Diane Simpson
Diane Simpson

In her beautifully elegant, won-drously crafted, and totally absorbing sculptures, Diane Simpson refashions fashion, and cunningly explores the range of glories to be discovered within the accoutrements of human existence. After all, everything we design, particularly the clothes that adorn our bodies, is somehow wrought in our endlessly shifting physical and psychological image. Our hats, dresses, uniforms, capes, ceremonial garb and musical instruments always attempt to respond to ideas and desires we have about our bodies, about how we want to present ourselves, about how we wish to see and be seen.

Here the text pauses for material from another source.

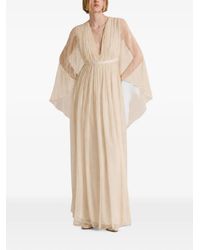 Alberta Ferretti - Pleated Silk Maxi Dress - Lyst
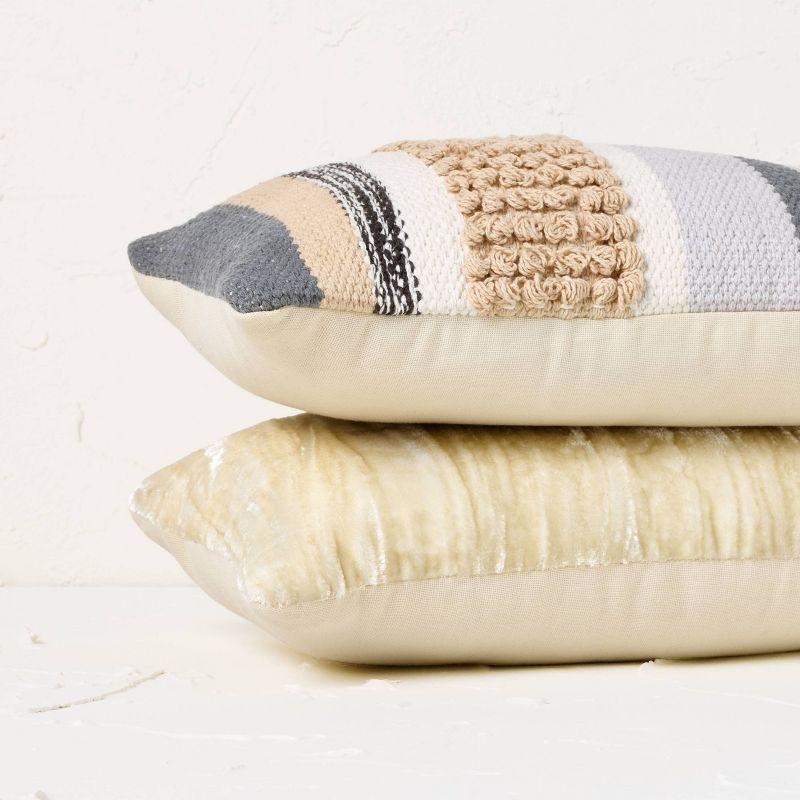 2pk 8''x13' Woven Striped Oblong Decorative Pillows Gray/Tan - Opalhouse™ designed with Jungalow™: Cotton & Polyester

Simpson begins with these core materials — the design of a bonnet, the shape of a Japanese lute, the swirl of a cape, the rhythm of a sombrero's brim, the pleats of a skirt, the armor of a Samurai warrior, and more — and starts her mellifluous sequences of emendation and extrapolation, of augmenting aspects within her source materials, and then extending their possibilities through her sensitive system of investigation and discovery.

Simpson weaves quite a web — her art in many ways is
an inquiry into the architecture and architectonics of
fashion design. She deconstructs and then
reconstructs, she reduces and then expands, and she reaches simultaneously for the core and for the embellishment. If Simpson begins, say, with a piece of head garb, as she does in Shaker Bonnet (1990), her subsequent alterations of it take it on a journey that sometimes seems quite afield from where she began. She stretches angles, refocuses rhythms, changes scale, rethinks materials, and eschews functionality, while all along maintaining — even enhancing — poetic connections with her starting motif. Simpson doesn't abstract her source material as much as enhancingly permute it, taking it toward new design possibilities, ever extrapolating while ever sensitive to its fundamental essence. She ends up with a bonnet that can never be worn, but that functions as an incredible visual immersion into bonnethood, into thinking about the rhythms and textures and possibilities residing in an article once worn around a woman's head.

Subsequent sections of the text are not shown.